Talisker 8yo 2024 Special Release
Spirited Xchange Tidal Churn | 58.7% ABV
Repeat Offender
Answer honestly; have you fallen in love with whisky? I mean, are you actually in love with it?
I know, it’s a big question. It’s likely that you’ve fallen in love with some whisky, some of the time, right? But I put it to you that, if you’re reading the pages of Dramface, you’re probably at least really interested in whisky.
You know it, and you enjoy getting to know it more. You look forward to spending time with it and you’re perhaps susceptible to the occasional daydream along a whisky theme. Would you say? If you generally agree, I’d say you’re in love with whisky. At the very least, you fancy it a bit.
Anyway, it’s a dangerous partner, for sure. Ethanol is poison, after all. Also, with each and every new date you’re spending a little more money than you did last time too. Still, you’re on the hook. You’re a sucker for that sweet, viscous amber nectar and the promise of that next ‘date’.
For me, it’s been a while now and, depending on where we start the clock on my whisky relationship, it could go back as far as three decades. But actually falling in love, that was a little more recent, less than twenty years ago. A pretty casual affair at first, a toe in the water here and there, you know, trying things on to see how they ‘fit’.
Then, 2009 brought a bottle of Lagavulin and the wheels fell off the exploration wagon. I was in: hook, line and sinker. I was ready to settle down with it, sign on the dotted line. I’d found my comfort, and the company for the road ahead was very alluring.

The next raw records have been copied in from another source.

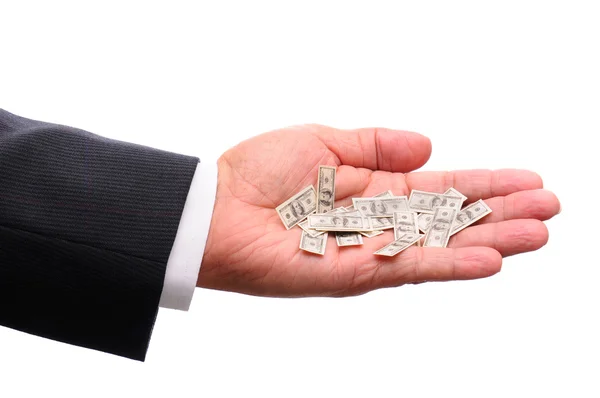 Рука бизнесмена с мелкими банкнотами в сто долларов — стоковое фото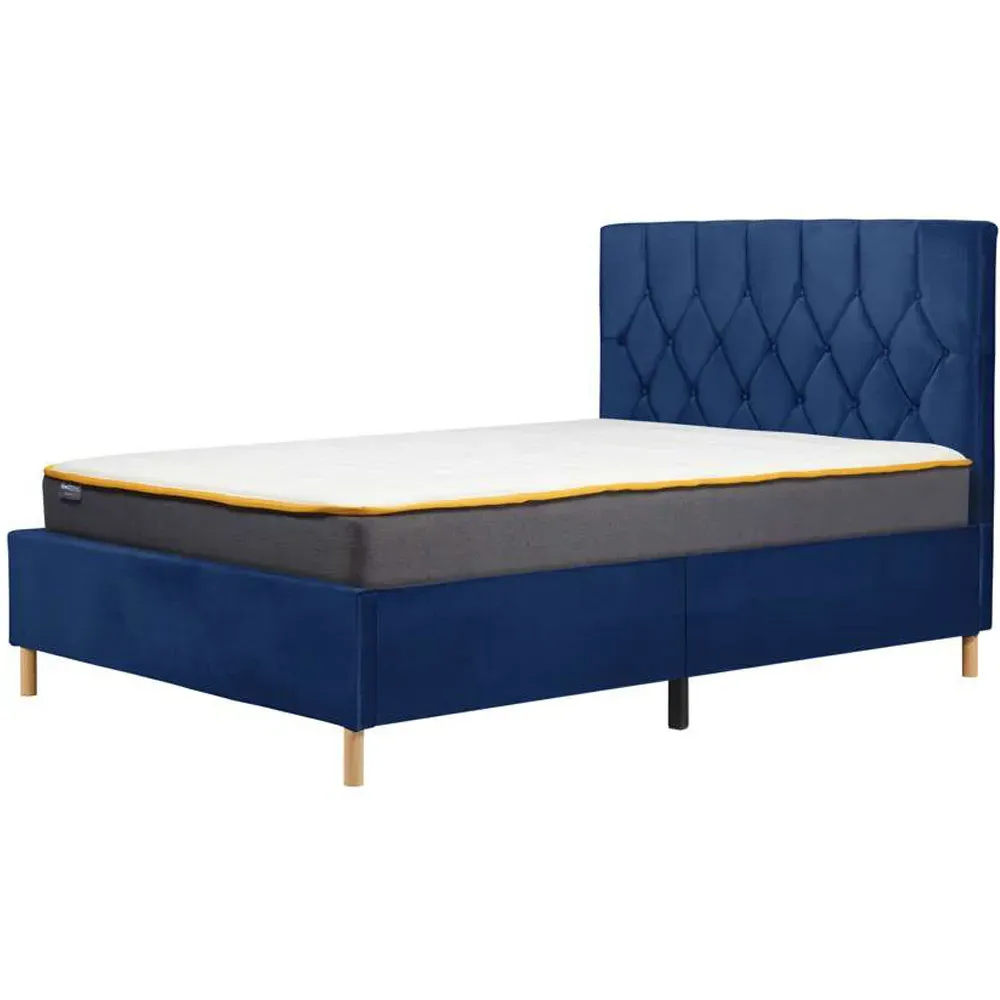 Loxley Double Bed Frame - Blue, Polyester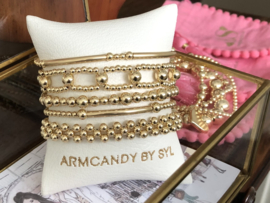 Armband Zehra IV met dubbele lagen real gold plated balletjes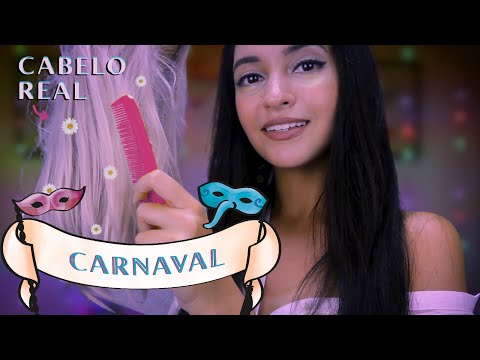 ASMR Te Arrumando pro Carnaval 🎭 Amiga Faz Penteado no Cabelo, Maquiagem e Roupa (SHEIN) | ASMR BR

If I could go back and have a word with myself, apart from suggesting I stock up on all those ‘expensive’ bottles obvs, I’d probably suggest nothing different. Not a thing. I’m really quite happy how whisky has turned out for me and you know what - I’ll say it - I’ve been a pretty decent reciprocal partner. Forgive the conceit, but I have converted anyone and everyone who’d give me a fair few minutes of their time. In most cases, they’re pretty happy about that too. So I think, to date, things have worked out pretty well for us both.
If, however, I were to step back beyond that fifteen year timespan, things weren’t quite so good, not to begin with. There were some clumsy first dates. I had that moment where I drank whisky as if it was wine and it taught me a painful lesson that I could smell and taste for years afterwards. There was also the time, so disgusted with the smell of a bottle of blended scotch (I forget which one but it matters not - everything had that generic ‘whisky smell’ and flavour back then) that I joined some pals in mixing it with Kia-Ora orange cordial and crushed apples. What can I say? We were poor and that’s all we had at hand.
Then there was my first Scottish distillery date: Talisker.
Some friends from New York were over for a couple of weeks in 2001 and we toured the Highlands together. Upon arriving in Skye we ducked into the distillery and took an ad-hoc tour to hide from pretty terrible weather. I may be wrong here, but I think it was free.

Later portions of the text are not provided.